· Basically, we have used multiple lines of evidence to show that there is a fairly reliable relationship between the number of reviews a book received and the number of sales of that book.
· We know that if we do a scatter plot of the number of reviews a book receives versus the rank of that book, the data follows a power law, with some considerable noise. That would indicate that the number of reviews a book receives is related to its sales, since we know that sales also follow a power law. The power law that we see in the number of reviews graph is a sort of visible manifestation of the underlying sales power law.
· The fact that the sales ranks and the number of reviews ranks are also correlated confirms that there is a relationship between number of sales and number of reviews.
· So, we can be reasonable confident that reviews are a decent predictor of sales. If we know the number of reviews a book received, we can estimate its sales. That won’t necessarily be accurate for any particular book, but it will be pretty good on average.
· As a rough guide, we can multiply the number of reviews that a book received by 100, to estimate that book’s sales. If we have reason to think that the book had a lot of free downloads, we will have to adjust our estimate accordingly.
Next time we will look a little more deeply into the patterns of reader engagement that this data may reveal.
Now, for the details:
Recently, Amazon released lists of its 100 top selling
titles for Kindle ebooks. In some previous
blogs, we looked at how Indies (self or independently published ebooks) compared
to Trads (traditionally published or trade published ebooks) in terms of books
sold (as measured by ranking within the top 100), reader satisfaction (as
measured by Amazon reviews) and imputed revenues/earnings. In this fourth blog we will see what we can
learn about the relationship between sales rank a book gets and the number of
reviews it gets, at least in the top 100 Amazon ebooks.
( For more information regarding the findings from those
earlier analyses, see the previous blogs
Amazon Top 100 Kindle Books - Indies versus Trads Part 1, Amazon
Top 100 Kindle Books - Indies versus Trads Part 2, and Amazon Top 100 Kindle
Books - Indies versus Trads Part 3.)
As we noted in earlier blogs, we have a gap in our knowledge
of the Amazon Top 100 list - we know the sales rank of the books, but we didn’t
actually know the absolute level of sales - i.e. the actual number of books
sold.
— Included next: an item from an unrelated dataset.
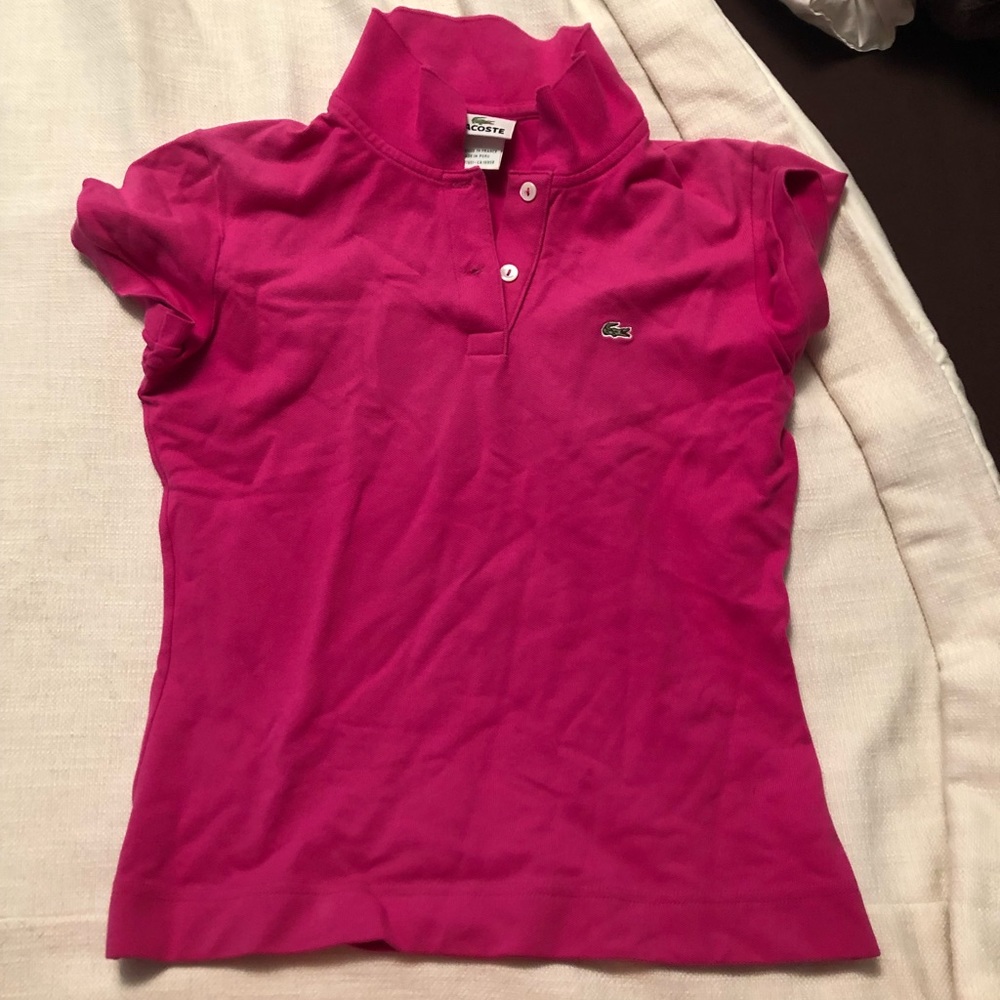 Lacoste collared shirt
We imputed this number from some
other (limited) evidence, assuming that about 1% of all books sold ended up
being reviewed. This was based on some
informal surveys on Kindleboards, and some analysis of Joe Konrath’s sales
data, which he provided on his blog. A
graph of the Kindleboards paid data is shown below, along with a graph that
includes both paid and free downloads.
For books that we have good reason to believe had a lot of free
downloads, perhaps 0.5% might be a better estimate.
KindleBoards -
2013 Informal Survey of Reviews vs Sales/Downloads
Here’s a scatterplot of Joe Konrath’s sales and revenue data
from his blog, with reviews data mined from Amazon. We see that the percentage of review is
broadly similar to the Kindleboards data, with around 1% of books that didn’t
have a lot of free downloads reviewed, and about .30% of books that did have
substantial free downloads reviewed. We
also see that review percentages tend to go up with average revenues per book,
indicating that free downloads were not as likely to be reviewed as purchased
books.
Assuming that this relationship holds, we should see that
the top ranked books generally had more Amazon reviews than books that ranked
lower down the list. As the graph below
shows, this is true. The higher ranked
books did get more reviews, though the relationship shows a fair bit of
scatter.
The solid line shows our old friend, a power law. That was Excel’s best fit power function to
the dataset. The equation is also shown
- we will use that later to estimate expected review counts for books much
farther down the list than these top 100.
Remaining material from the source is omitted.